EL BACÁN DEL LAGO CARDIEL
El tipo conversaba y conversaba animadamente mientras prendía los fogones, preparaba utensilios y sacaba como del sombrero frascos, quesos, embutidos, vasijas y bandejas con diferentes manjares que iba sirviendo en la larga mesa de la bodega que había sido establo y esquiladero de ovejas, ahora convertida en agradable refugio, restaurante y hasta museo de historia natural lugareña.
Muy elegante con chaqueta de paño, botas de cuero, bufanda y sombrero de fieltro nos había recibido amablemente en el portón –al cual habíamos arrimado el campero para evitar el ventisquero– en compañía de Anastasia y Heriberto, dos guanacos amaestrados que metieron sus cabezas de camello cuando abrimos las puertas, y sin darnos tiempo de preguntar y casi ni de saludar ya nos tenía instalados en la mesa –las peludas mascotas se quedaron afuera, en su elemento, al principio curioseando a través de los vidrios de la puerta y luego mordisqueando la vegetación de los alrededores–, llenos los vasos para el almuerzo que dábamos por perdido desde hacía varias horas. Porque estábamos demasiado lejos, de todo.
Bajábamos a principios de enero del 2003 por la Ruta 40, la carretera que recorre el occidente de Argentina desde Bolivia hasta el Estrecho de Magallanes, paralela con los Andes, en uno de sus trayectos más desolados entre Bariloche y El Calafate, cuyos cientos de kilómetros sin pavimento nos habían destruido una de las llantas, y dejado en manos de las otras maltratadas y sin dónde remplazarlas, y muy escasamente dónde remendarlas o conseguir segundazos de montallantas en los escasos poblados semi fantasmas que aparecen en el mapa, que a veces no pasan de ser una sola construcción de madera, cerrada, estremecida por el viento y donde hay que llamar muy fuerte para que se asome alguien a decirnos que al menos que sea una emergencia sigamos nuestro camino y que no, que no hay ni comida, ni combustible, ni mucho menos llantas.

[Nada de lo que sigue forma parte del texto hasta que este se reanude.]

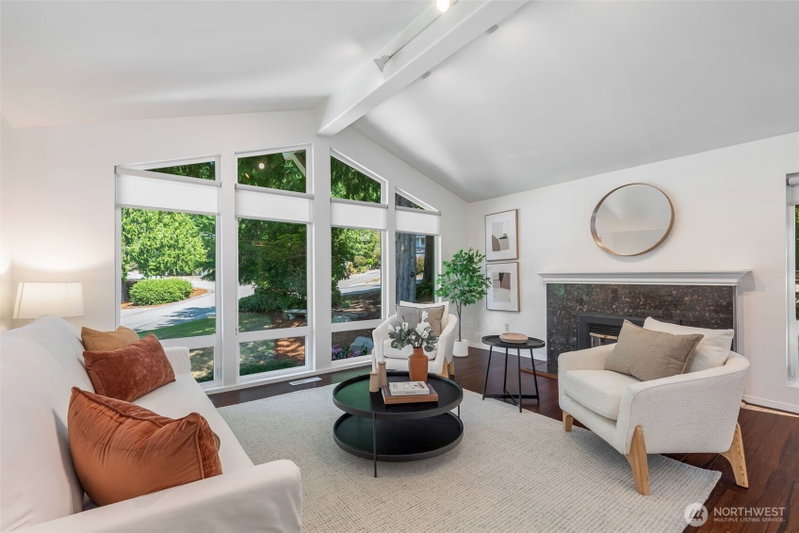300 Mt. Pilchuck Avenue SW photo 2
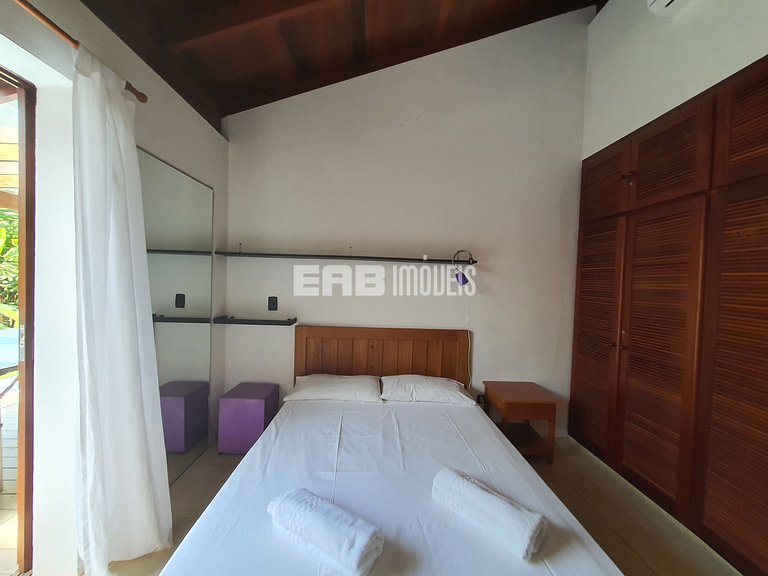 Charmosa e confortável, com muito verde ao redor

En los alrededores del bellísimo lago Cardiel, de color turquesa, habíamos encontrado el aviso de Siberia, tan apropiado, que anunciaba hospedaje y comida y una flecha señalando la estrecha vía que se perdía detrás de una colina. A quinientos metros llegamos a la estancia con corrales, el galpón y una pequeña casa en medio de onduladas estepas, con vista sobre el lago majestuoso.

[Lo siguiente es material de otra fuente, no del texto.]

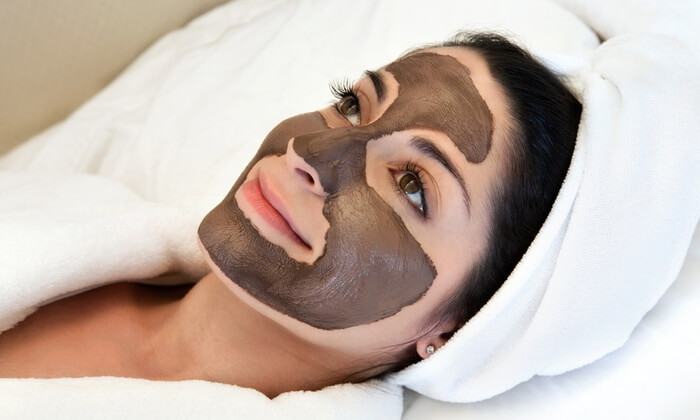 What are the basic beauty uses of Activated Charcoal?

Más por prudencia, por lo que presentíamos sería una cuenta dolorosa por tal cantidad y variedad de delicias, le pedíamos al personaje que se contuviera de ofrecernos más exquisiteces, que ya eran mucho más que suficientes. Contamos catorce viandas diferentes entre carnes frías, escabeches, asado de cordero, cerezas en aguardiente y vino de la casa; y cuando tímidamente le preguntamos que cuánto le debíamos nos contestó que ¡absolutamente nada! que cómo iba a cobrarles un almuerzo a personas que venían desde doce mil kilómetros a visitarlo.

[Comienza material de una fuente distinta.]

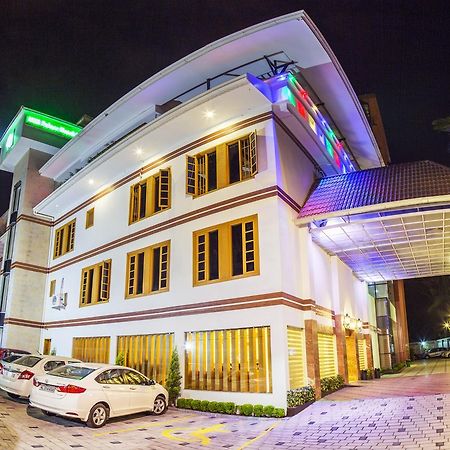 Hill Palace Hotel & Spa Kochi Eksteriør bilde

Fue este bacán quien nos recomendó desviarnos a El Chanten, al pie del monte Fitz Roy y del lago y glaciar Viedma, sitio espectacular al que llegamos pinchados, metiéndole aire a la llanta con un pequeño compresor de batería, de noche, y donde fuimos bien atendidos, especialmente por el llantero, igualito a Maradona.